Friday, January 05, 2007

Who is a Church father?

Basing itself on passages from the New Testament, this online article from the 1917 edition of The Catholic Encyclopedia described a Church father as "a teacher of spiritual things, by whose means the soul of man is born again into the likeness of Christ."

It goes on to note that in the Western Church, the last of the Church fathers was St. Gregory the Great (d. 604) and in the East St. John Damascene (d. ca. 754) was the last. It goes on to note that, for some in the West, the line of the fathers extends as far as St. Bernard of Clairvaux (d. 1153).

However, it quickly dismisses such a notion saying that the limits of the period of the fathers into the high Middle Ages is "evidently too wide."

I would tend to agree. As with defining just about any category, the broader the definition becomes, the less meaning that it really has.

That having been said, if my own preferences in reading the works of those who are teacherrs of spiritual things would be a guide in determining who is a Church father, I would certainly include John Henry Cardinal Newman (1801-1891).
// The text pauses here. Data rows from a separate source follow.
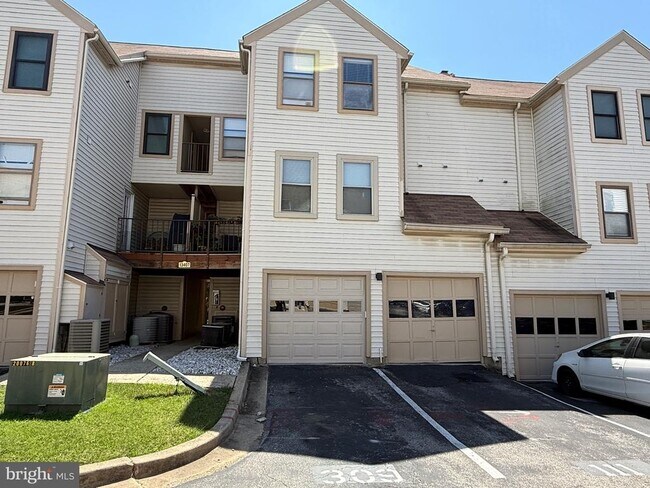 Building Photo - 13407 Shady Knoll Dr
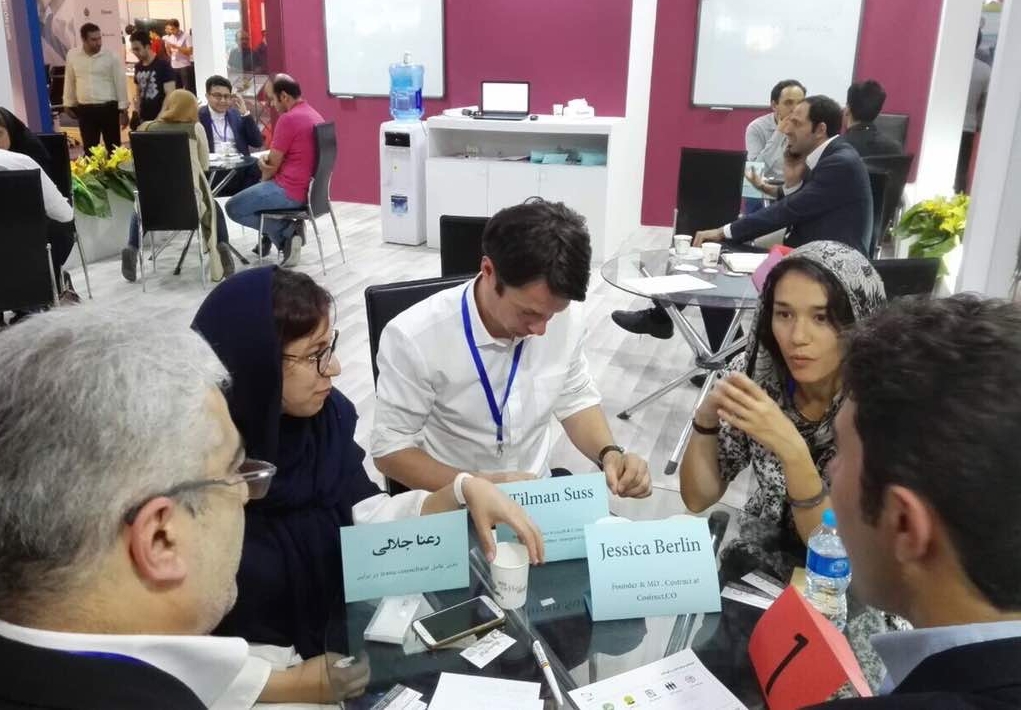 strategy coaching at the elecomp technology exhibition in tehran, iran (photo: tac accelerator)
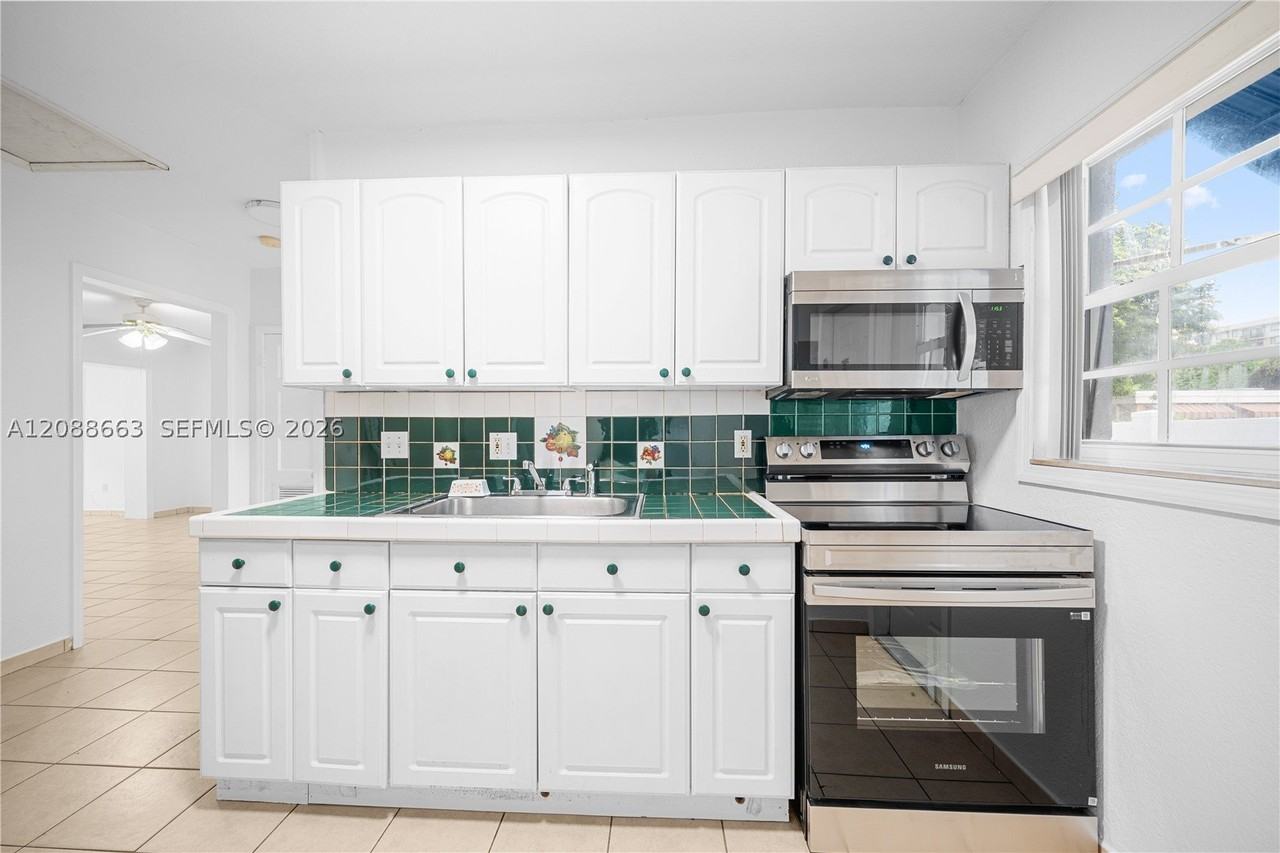 3675 Sw 23rd St #A - Photo 7 of 15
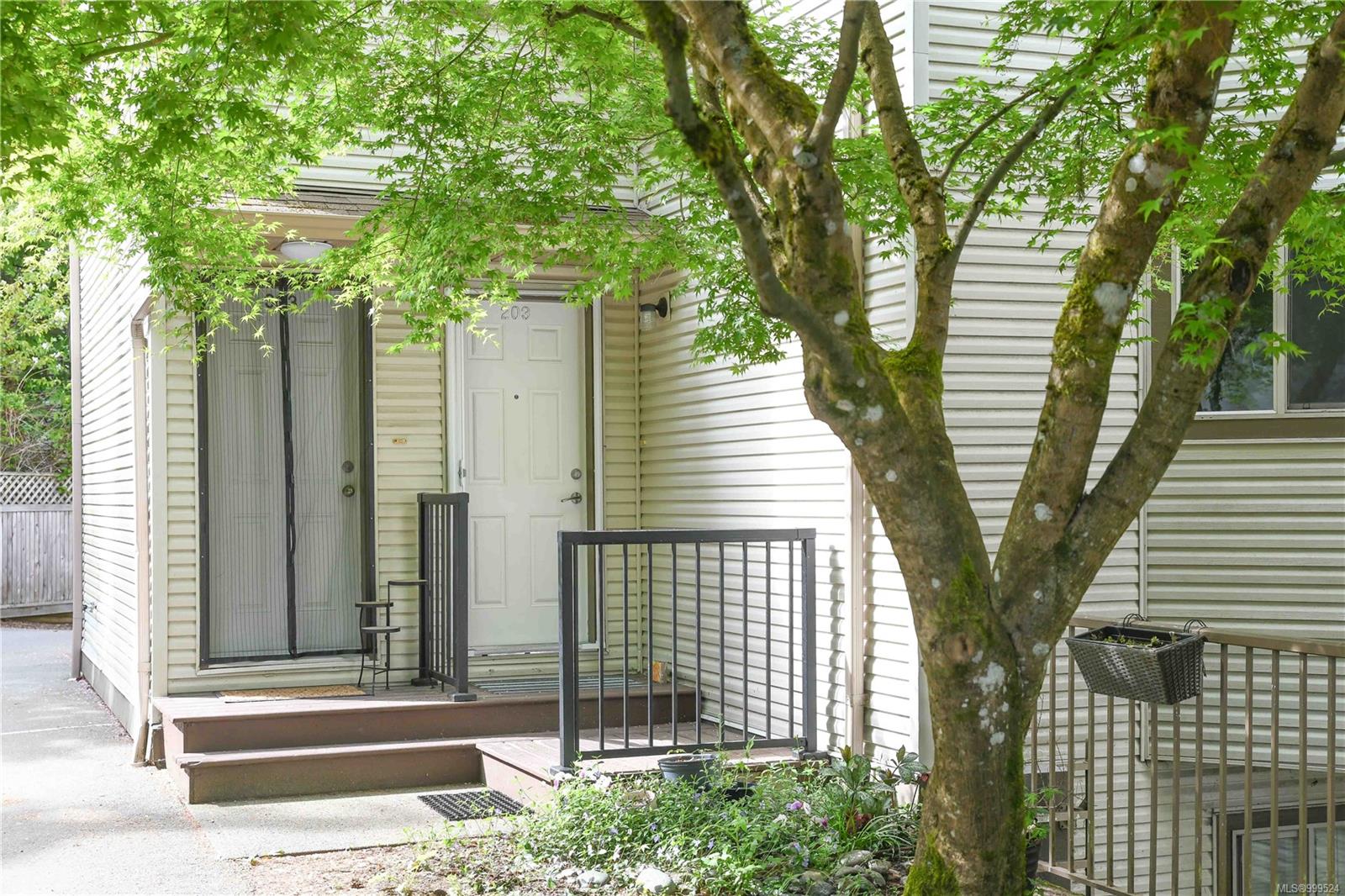 $425,000 - 4686 Alderwood Pl<br>British Columbia, V9N 9A1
Now for general usage, that is certainly stretching the limits of the period of the fathers too far. But in my own experience, his works have certainly been a means by which my soul is born again into the likeness of Christ.
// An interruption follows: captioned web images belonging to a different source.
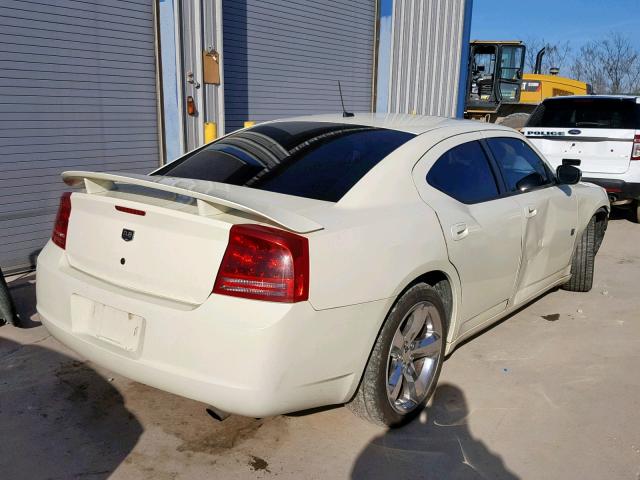 2B3KA33G88H305030 - 2008 DODGE CHARGER SX WHITE photo 4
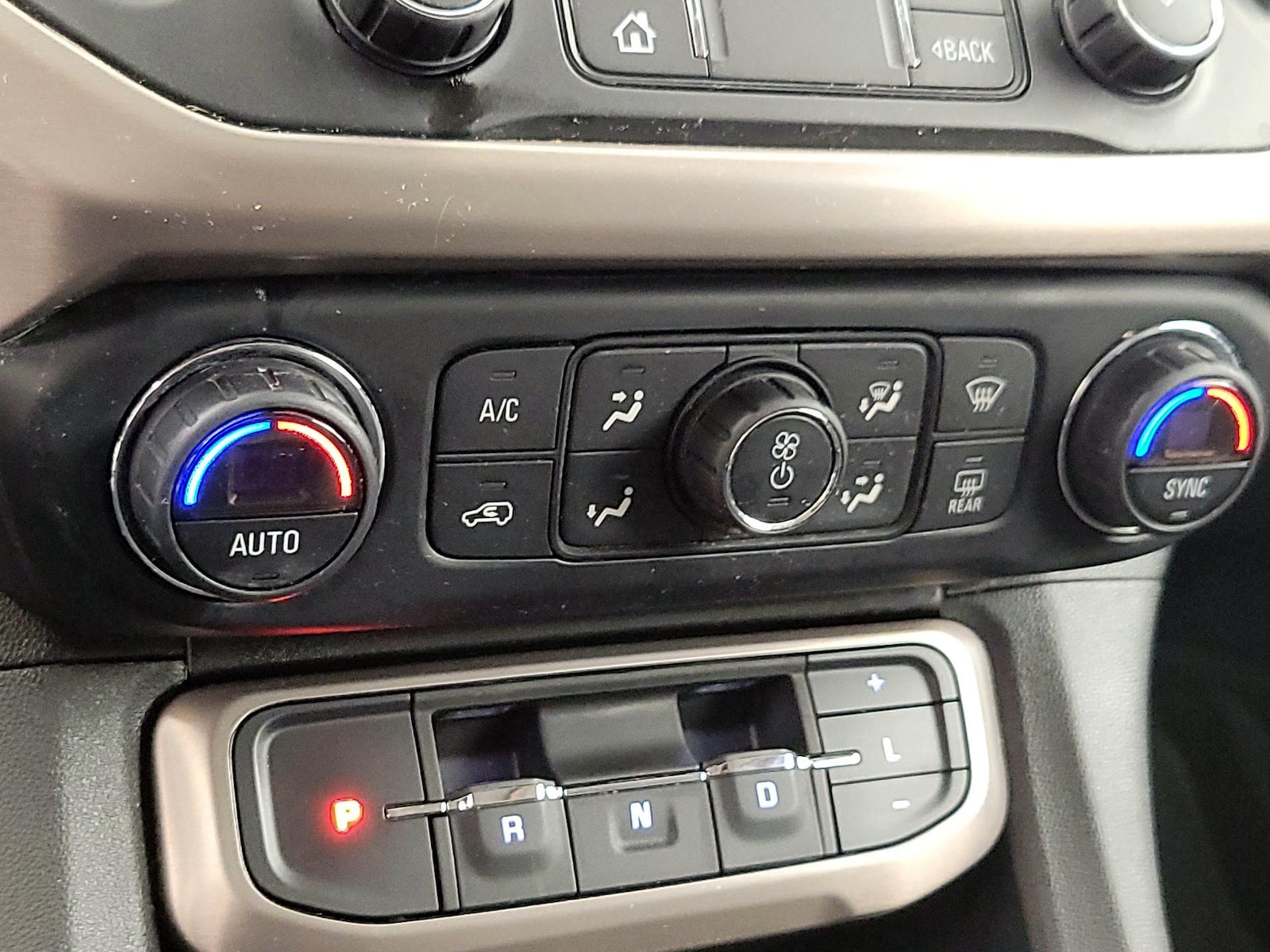2020 GMC Acadia Denali - Photo 17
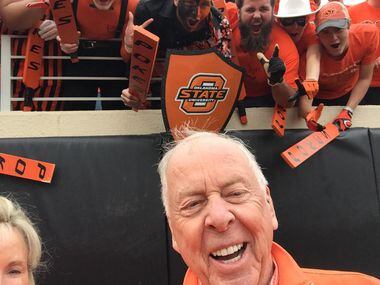 T. Boone Pickens took his first selfie at an OSU homecoming game in 2015.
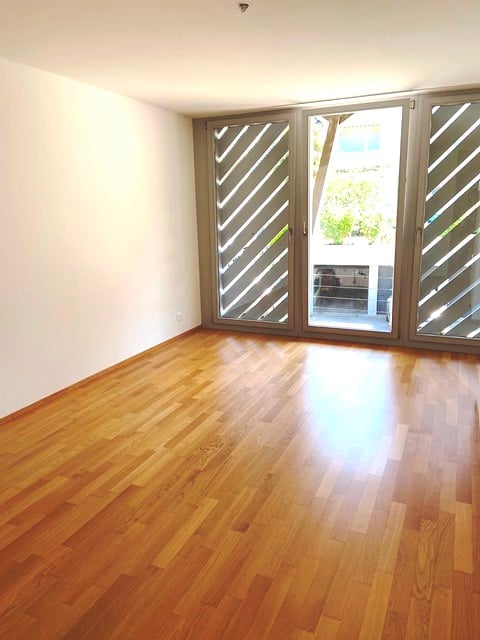 Moderne 4.5 Zimmer Wohnung an ruhiger Lage mit Balkon 12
Granting that different people respond to different writers in different ways, I still would not hestitate to recommend the writings of Cardinal Newman, who may be now on the verge of being beatified, to anyone who wishes to grow both in the knowledge of the faith but also in how that knowledge is to be applied to the way the faith is lived out from day to day.

To that end, I heartily refer those interested in reading the works of Newman (both before he became Catholic in 1845 as well as those subsequent to his reception into the full communion of the Church) to the Web site, The Newman Reader, maintained by the National Institute for Newman Studies.

Cardinal Newman was a prolific writer and I believe that all of his published writings as well as biographic material about him in the public domain are all housed at this terrificly useful site. Visit it and enjoy the spiritual insights to be gained from this father (?) of the Church.